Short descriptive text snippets
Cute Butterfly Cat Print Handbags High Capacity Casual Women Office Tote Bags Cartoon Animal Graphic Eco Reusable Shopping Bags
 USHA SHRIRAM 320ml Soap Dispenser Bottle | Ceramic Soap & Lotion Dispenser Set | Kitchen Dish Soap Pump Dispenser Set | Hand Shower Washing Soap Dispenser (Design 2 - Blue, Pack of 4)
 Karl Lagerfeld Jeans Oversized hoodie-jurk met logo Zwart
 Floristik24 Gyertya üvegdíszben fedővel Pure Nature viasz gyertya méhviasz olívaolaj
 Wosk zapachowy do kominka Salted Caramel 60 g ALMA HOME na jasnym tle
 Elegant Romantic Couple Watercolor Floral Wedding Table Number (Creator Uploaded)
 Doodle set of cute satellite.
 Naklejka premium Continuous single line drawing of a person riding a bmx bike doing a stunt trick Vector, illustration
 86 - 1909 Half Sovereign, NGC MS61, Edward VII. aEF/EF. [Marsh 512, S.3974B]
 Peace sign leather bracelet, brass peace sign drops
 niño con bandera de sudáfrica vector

:: What the task asks ::
Taking the records from the top, repeat each line exactly until you have repeated the line that contains "Floristik24 Gyertya üvegdíszben".

:: Solution for this exercise ::
Cute Butterfly Cat Print Handbags High Capacity Casual Women Office Tote Bags Cartoon Animal Graphic Eco Reusable Shopping Bags
 USHA SHRIRAM 320ml Soap Dispenser Bottle | Ceramic Soap & Lotion Dispenser Set | Kitchen Dish Soap Pump Dispenser Set | Hand Shower Washing Soap Dispenser (Design 2 - Blue, Pack of 4)
 Karl Lagerfeld Jeans Oversized hoodie-jurk met logo Zwart
 Floristik24 Gyertya üvegdíszben fedővel Pure Nature viasz gyertya méhviasz olívaolaj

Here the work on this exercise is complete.